__Source data__.
*** Begin section ***
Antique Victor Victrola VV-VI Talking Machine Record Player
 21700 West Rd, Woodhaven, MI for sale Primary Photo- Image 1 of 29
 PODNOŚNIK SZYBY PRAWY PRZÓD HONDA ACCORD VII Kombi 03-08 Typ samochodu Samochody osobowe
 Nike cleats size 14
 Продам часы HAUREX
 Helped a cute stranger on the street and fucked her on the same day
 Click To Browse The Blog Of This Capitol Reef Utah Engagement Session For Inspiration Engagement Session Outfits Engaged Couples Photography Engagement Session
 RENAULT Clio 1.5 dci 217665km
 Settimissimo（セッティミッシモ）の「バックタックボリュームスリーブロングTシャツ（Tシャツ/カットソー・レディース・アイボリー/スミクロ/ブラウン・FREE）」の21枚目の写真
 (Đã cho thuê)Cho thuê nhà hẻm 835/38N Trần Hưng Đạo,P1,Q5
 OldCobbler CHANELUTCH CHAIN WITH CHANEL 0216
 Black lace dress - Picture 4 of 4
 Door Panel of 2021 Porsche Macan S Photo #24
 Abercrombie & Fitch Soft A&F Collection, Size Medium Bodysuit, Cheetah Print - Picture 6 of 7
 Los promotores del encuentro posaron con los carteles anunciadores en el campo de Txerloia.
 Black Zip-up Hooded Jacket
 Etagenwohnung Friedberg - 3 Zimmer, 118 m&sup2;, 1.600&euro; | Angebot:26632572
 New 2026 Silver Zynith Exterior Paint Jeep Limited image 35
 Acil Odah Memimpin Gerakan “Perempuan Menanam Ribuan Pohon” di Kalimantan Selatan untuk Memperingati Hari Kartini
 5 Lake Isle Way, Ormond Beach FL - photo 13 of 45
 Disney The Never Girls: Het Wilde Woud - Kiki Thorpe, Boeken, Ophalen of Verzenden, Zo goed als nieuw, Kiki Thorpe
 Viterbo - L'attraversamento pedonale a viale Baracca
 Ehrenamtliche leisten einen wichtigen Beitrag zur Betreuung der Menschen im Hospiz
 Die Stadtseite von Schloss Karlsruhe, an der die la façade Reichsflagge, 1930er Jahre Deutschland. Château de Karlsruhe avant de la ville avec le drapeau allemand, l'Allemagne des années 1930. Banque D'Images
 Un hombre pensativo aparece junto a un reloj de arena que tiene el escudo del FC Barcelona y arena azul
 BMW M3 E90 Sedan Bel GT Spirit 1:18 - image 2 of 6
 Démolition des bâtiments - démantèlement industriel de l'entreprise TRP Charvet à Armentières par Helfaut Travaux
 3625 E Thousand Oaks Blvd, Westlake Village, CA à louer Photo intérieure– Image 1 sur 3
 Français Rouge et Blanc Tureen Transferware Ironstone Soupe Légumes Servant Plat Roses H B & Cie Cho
*** End section ***
__Directions for this task__. Show each line from the listing above that includes the word "Black".

__Response box__.
 Black lace dress - Picture 4 of 4
 Black Zip-up Hooded Jacket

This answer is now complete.